Exercise requirements >> Take the lines below beginning at the line that has "Volkswagen Passat 2,0" and stopping after the line that has "San Antonio House: 8311 Timber Glen St", and print them exactly as they are, with no other lines.

====== Exercise inputs

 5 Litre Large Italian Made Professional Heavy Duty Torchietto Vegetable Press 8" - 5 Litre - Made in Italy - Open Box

============
====== Exercise inputs

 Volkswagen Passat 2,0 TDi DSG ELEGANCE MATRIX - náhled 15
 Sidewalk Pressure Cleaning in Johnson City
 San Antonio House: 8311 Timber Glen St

============
====== Exercise inputs

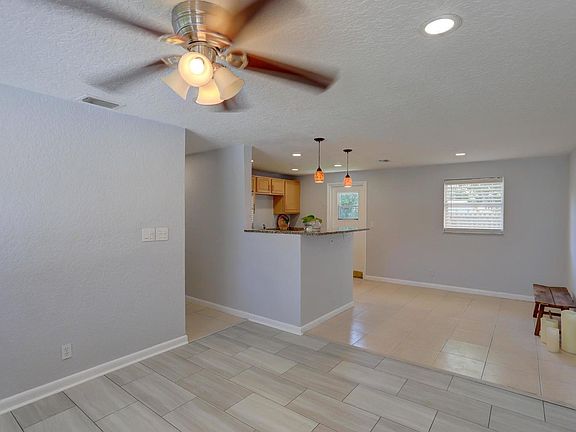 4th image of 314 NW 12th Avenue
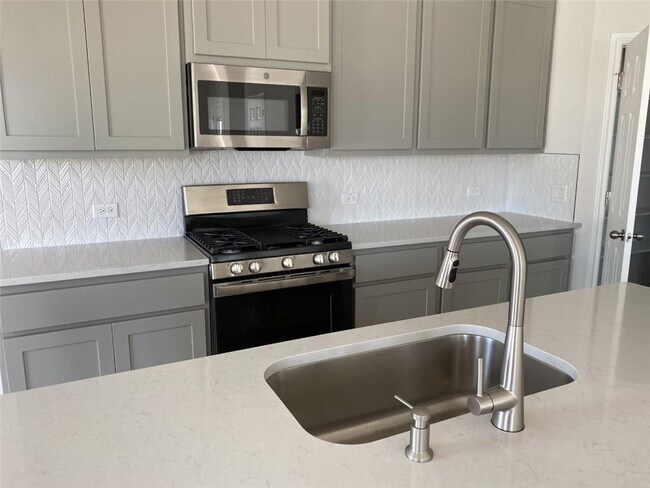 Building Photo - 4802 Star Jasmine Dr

============

Exercise result >>
 Volkswagen Passat 2,0 TDi DSG ELEGANCE MATRIX - náhled 15
 Sidewalk Pressure Cleaning in Johnson City
 San Antonio House: 8311 Timber Glen St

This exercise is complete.